ITALY - Covip, the Italian pension funds regulator, has asked Italian pension funds to provide workers with periodic estimates of their individual position and expected investment returns of their private pension schemes.

The move shows Covip is bidding for a more transparent and dynamic pension sector and the regulator aims to spread more awareness among Italian workers by showing the investment potential of 'complementary' pension schemes provided by 'opened' pension funds and run by managers with more active strategies, as opposed to 'closed' ones, which are restricted to workers in single sectors.

As part of the project, whoever joins a pension scheme will receive a standardised estimate of the value of his 'complementary' pension scheme, based on information gathered by Covip on different types of workers according to age and level of contribution. Covip said the estimate 'will guide workers in making decisions when joining a fund.'

Thereafter, every pension fund member will receive a periodic individual forecast of their position which will take into account their own pension plans, their personal characteristics and the fees the scheme charges. This estimate will also take into account the expected returns forecast by managers in relation to the asset allocation profile of the chosen type of investment.

The first submission of individual estimates will be included in the funds' 2008 annual update.

Covip has also asked funds to insert applications in their websites to allow workers to calculate the expected level of a complementary scheme, to help workers evaluate the impact of alternative choices, such as, for instance, requests of advances or shifting of cash between funds within the scheme, as well as picture the risk profile of the investment compared to basic pensions.

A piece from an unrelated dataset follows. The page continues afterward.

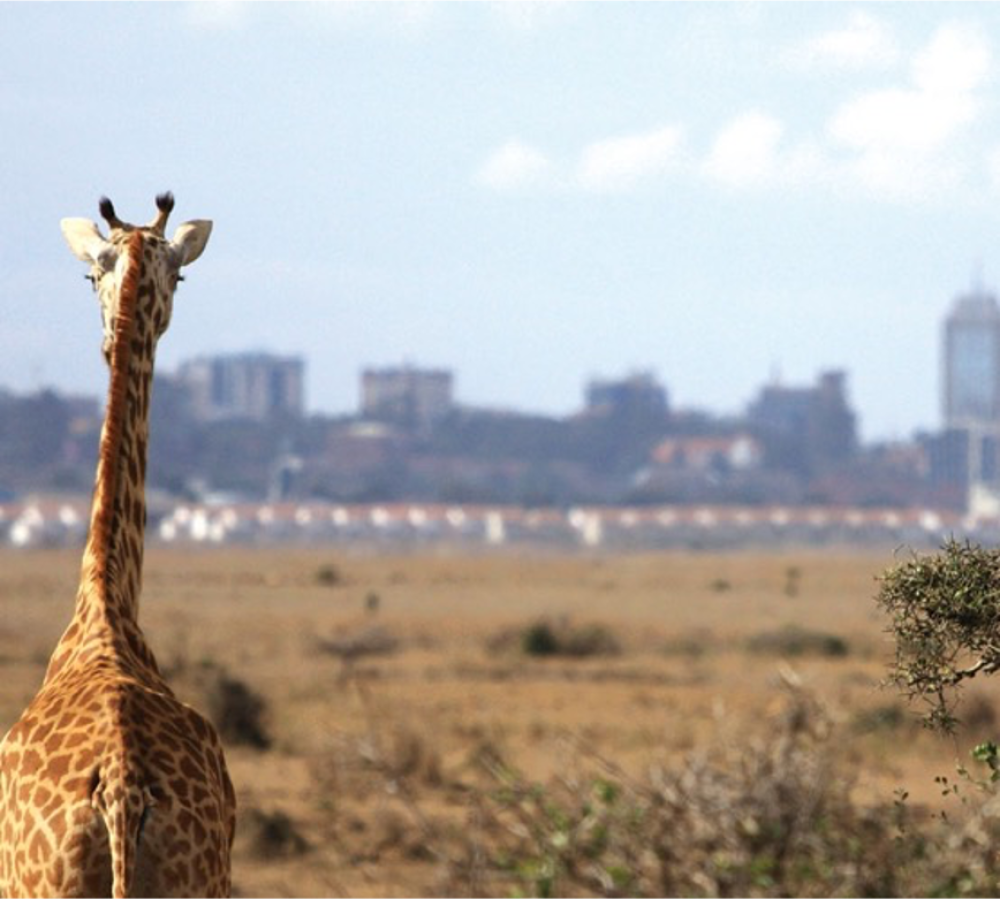 Amboseli and Mara 6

"These issues need a more focused consideration, especially  by authorities. There is a need to provide accurate and coherent forecasts of pension provision particularly highlighting the different returns achieved by basic pension and complementary pension investment," said the regulatory body in an announcement.

Covip has published a detailed set instructions for funds to refer to.

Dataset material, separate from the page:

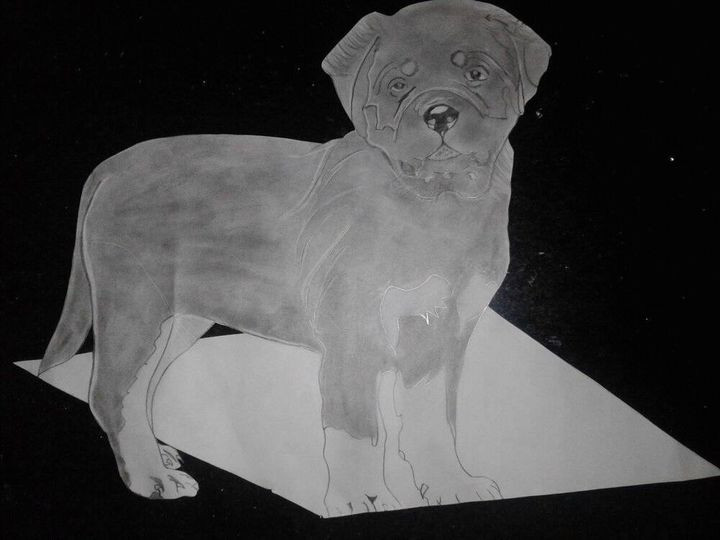 Pet 2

But this announcement of the project comes just days after the regulator posted positive 2007 growth figures for the 'complementary', or private, pension sector. The number of workers with private, as opposed to state-funded, pension plans grew from 3.2 million at the end of 2006 to 4.6 million at the end of 2007 - a 42% increase.

The number of private sector workers, who benefited from the much-discussed TFR reform on severance payments, subscribing to private pension schemes reached around 70% of all entitled workers.

Covip also issued a paper last month clarifying how existing pension funds should adapt to the new legislation which led to the TFR reform. Italian pension funds have reviewed their internal charters but Covip asked for further rationalisation, for instance specifying the duration of managers' and internal controllers' mandates.